Colloidal semiconductor nanocrystals (NCs) have been a topic of extensive research over the past few decades, as the materials’ photoluminescence (PL) properties are particularly interesting for a variety of applications. Emissive materials are only of interest, however, if the highest PL efficiencies can be attained—something that has yet to be achieved for a variety of NCs. Low PL efficiencies can often be blamed on unwanted charge-carrier trapping processes that limit band edge recombination. This thesis describes methods of addressing charge-carrier trapping, including incorporating an efficient “engineered” trap to control charge-carrier movement as well as targeted synthetic and spectroscopic studies to eliminate surface trapping in semiconductor NCs. Chapter 1 provides a general overview of these topics accompanied by relevant literature studies on both engineered traps and surface trapping in semiconductor NCs. Chapter 2 presents ultrafast spectroscopic data for Cu+:CdSe/CdS NCs, a system in which copper serves as an efficient hole trap. The data include time-resolved photoluminescence (TRPL) spectroscopy to study hole localization at copper after photoexcitation and transient absorption (TA) spectroscopy to observe transitions involving excited-state Cu2+. Chapter 3 details the synthesis and spectroscopic results for a series of Ag1–xCuxInS2 NCs, a material of interest due to the spectroscopic similarities of CuInS2 NCs to the copper-doped materials.
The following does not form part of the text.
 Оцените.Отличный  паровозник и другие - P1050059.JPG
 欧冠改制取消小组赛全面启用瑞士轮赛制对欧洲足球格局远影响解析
Through creating a synthetic bridge from AgInS2 to CuInS2 NCs, we can monitor the PL energy as a function of increasing copper content. This aims to help support previous assignments that the PL in CuInS2 NCs arises due to a self-trapped exciton. Chapter 4 discusses the importance of electron and hole trapping in determining the PLQY of InP NCs, a material with inherently low PL efficiencies. Studying a sample series of InP NCs with five different surface chemistries using both TRPL and TA allows us to investigate how different surface treatments affect charge-carrier trapping processes. Together, these studies help elucidate the role charge-carrier trapping plays in determining the PL efficiencies of colloidal semiconductor nanocrystals and will help us design targeted synthetic strategies for obtaining materials with 100% PL efficiencies.